3+3, parce que le groupe s’étoffait. Le trio formé par Ronald, Rudolph et O’Kelly officialisait en effet l’intégration d'autres membres de la fratrie Isley, Ernie et Marvin, et d’un beau-frère, Chris Jasper. Du coup, leur son s’enrichissait, grâce à un Ernie Isley au style de guitare très hendrixien, et grâce aux claviers d'un Chris Jasper entouré des mêmes ingés son que Stevie Wonder, lequel enregistrait au même moment, et dans les mêmes studios, son fondamental Innervisions.

Et de fait, 3+3 se présentait comme la synthèse réussie de toutes les musiques de ce début des décennie 70, noires et blanches confondues. Folk-bucolique, soul psychédélique, pulsations funk, hard rock virtuose se mêlaient et se confondaient, sans que les Isley Brothers ne renient, par leurs feulements et leurs harmonies vocales, des racines qui plongeaient loin dans la soul des années 60 et dans le doo-wop des années 50, avec par exemple un somptueux "You Walk Your Way".

L'illustration parfaite de cette synthèse entre les époques, c'était cet épique "That Lady, Pts. 1 & 2" qui n’était autre que la réactualisation d’un de leurs vieux hits, "Who's That Lady?", à grands coups de solo d’orgue et de guitare fuzz, dans un esprit latin rock inspiré par Santana. Sur 3+3, les Isley Brothers démontraient également, une nouvelle fois, qu’ils maitrisaient plus que tout autre l’exercice de la reprise. Avec eux, les jolies chansons middle-of-the-road de James Taylor devenaient plus sexy et classieuses que les originales ("Don't Let Me Be Lonely Tonight"), et le "Listen to the Music" des Doobie Brothers pulsait comme jamais.

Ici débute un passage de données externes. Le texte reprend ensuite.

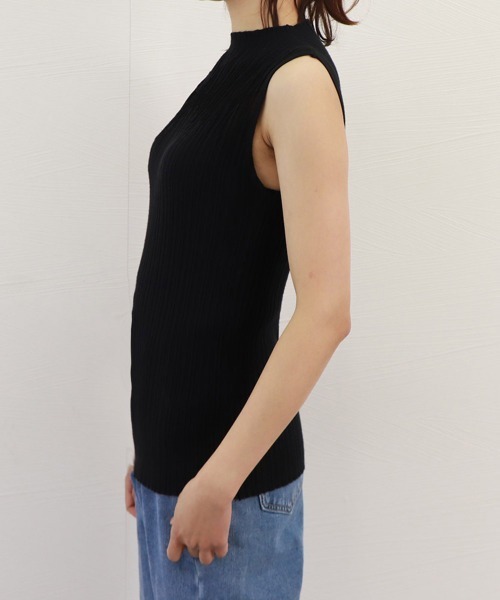 Miniministore（ミニミニストア）の「タンクトップ プチハイネック レディース（タンクトップ・レディース・グレー/イエロー/モカ/ライトピンク/ホワイト/ブラック・FREE）」の8枚目の写真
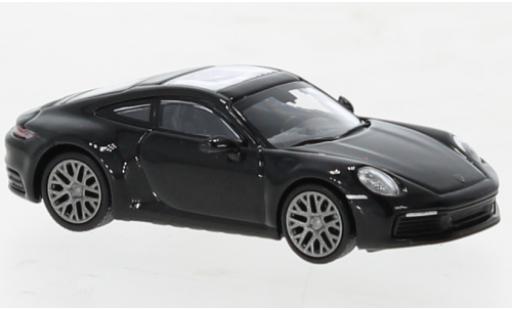Coche miniatura Porsche 992 4S 1/87 Minichamps 911  Carrera negro 2019 Porsche 992 4S 1/87 Minichamps 911  Carrera negro 2019 coche miniatura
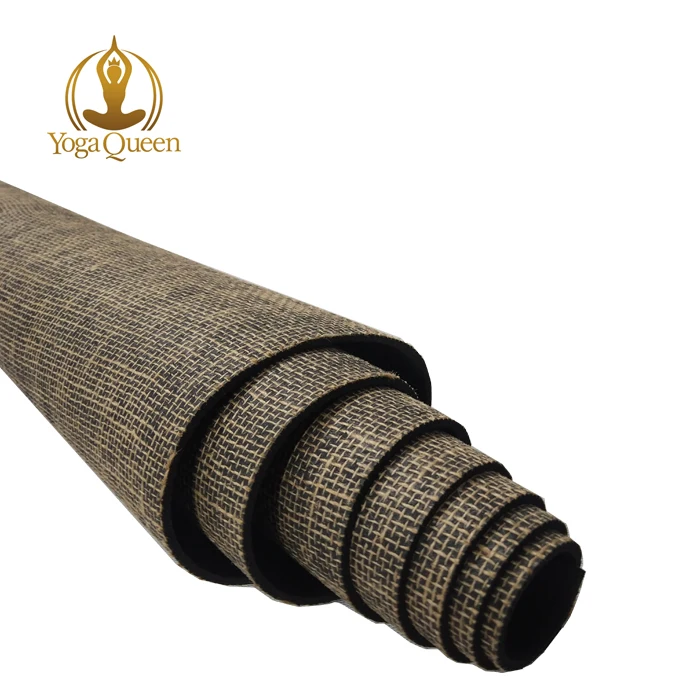 Organic Jute Hemp Natural Tree Rubber Eco-Friendly Biodegradable Non-Toxic Chemical Free Vegan Premium Yoga Mat
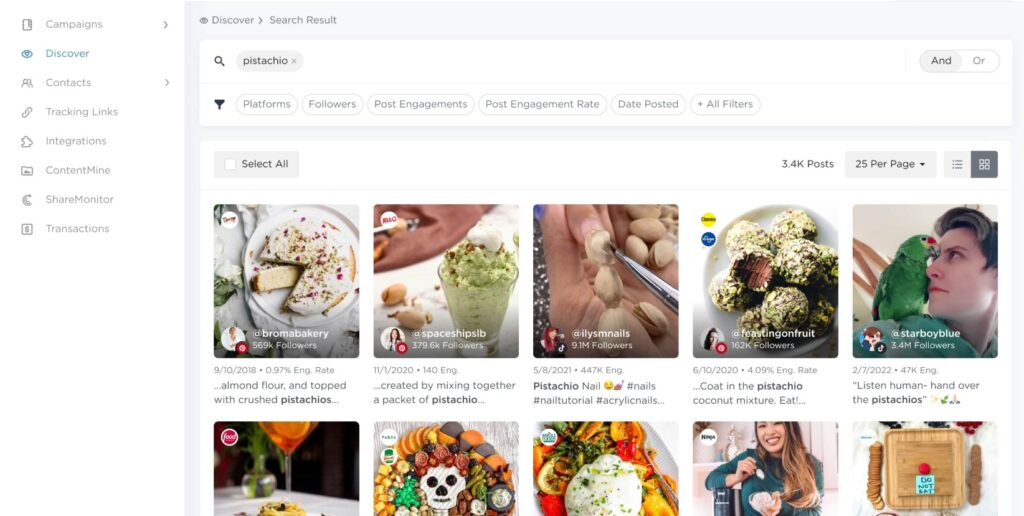 IZEA-AI-App-Flex-Discover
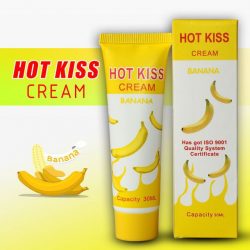 Gel bôi trơn Hot Kiss Cream hương chuối 30ml - BAO CAO SU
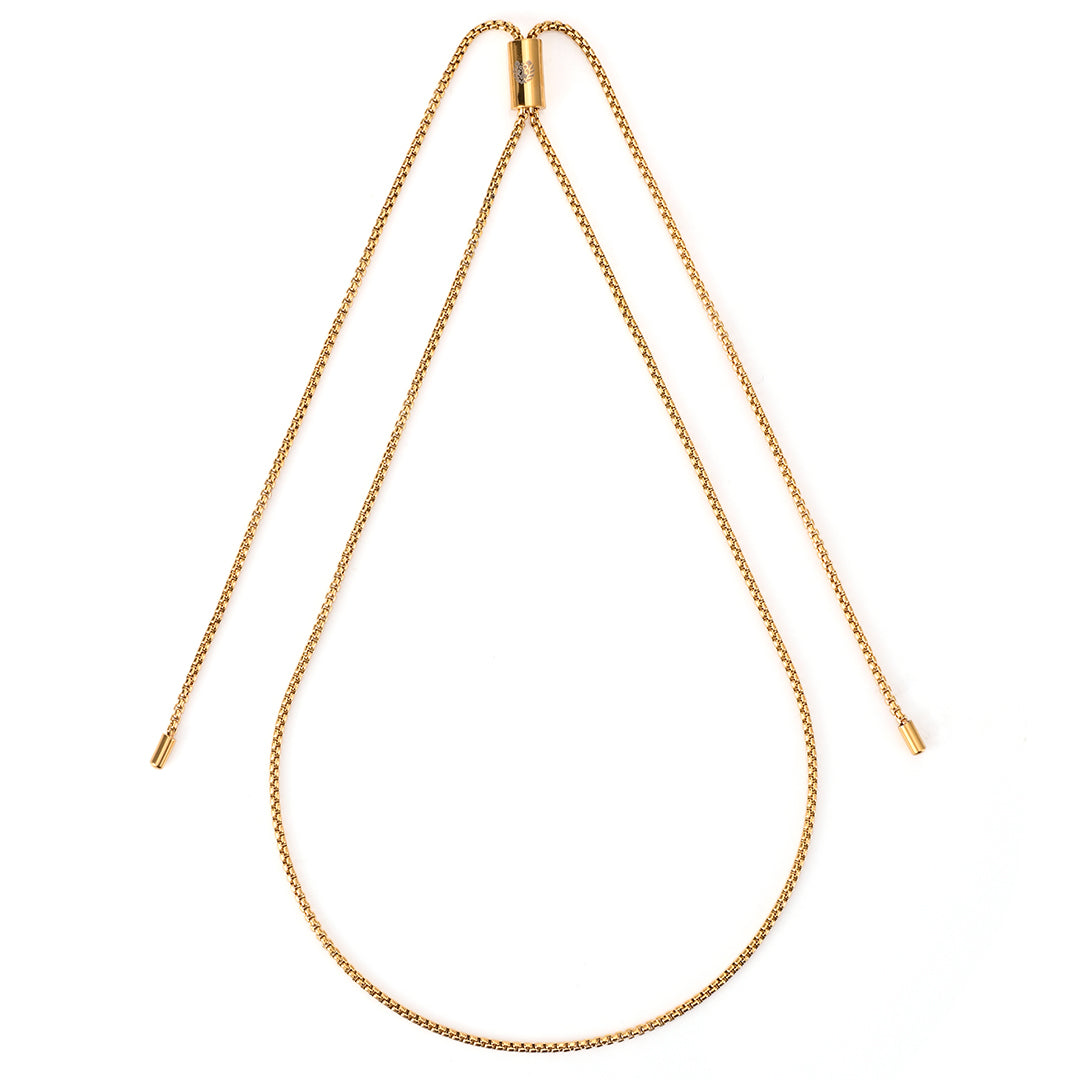 Adjustable gold fashion chain necklace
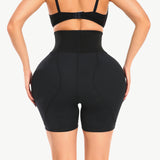 Full Size Removable Pad Shaping Shorts - felvior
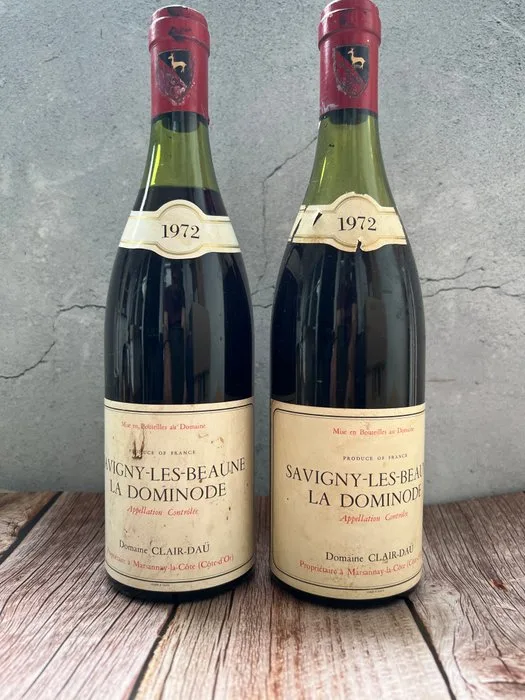 1972 Domaine Clair-Dau "La Dominode" - Savigny lès Beaune 1er Cru - 2 Bottles (0.75L)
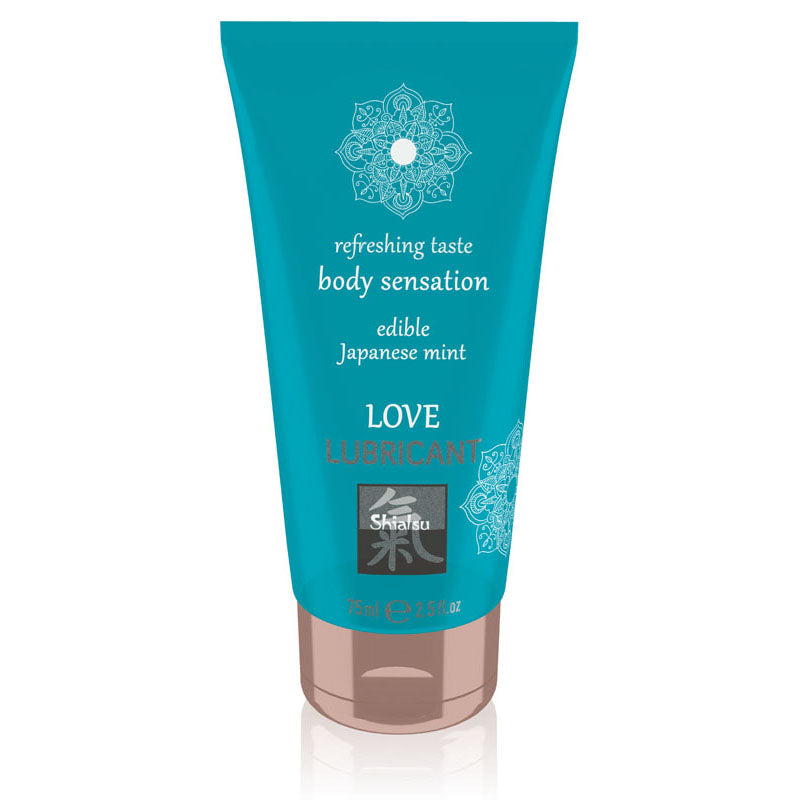 Shiatsu Love Lubricant Mint Flavoured 75 ml Default Title Flavoured Lube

Et puis, il y avait surtout ce "Summer Breeze" suave et torride à souhait, version transcendée du tube folk rock un brin fadasse de Seals & Croft, la pièce de choix de ce disque qui n’est pas seulement le sommet de la très longue carrière des Isley Brothers (aux dernières nouvelles, ils existeraient toujours, malgré quelques pertes essuyées en route), mais aussi un classique funk soul, et l'un des plus convaincants crossovers entre rock blanc et black music que l’époque ait offerts.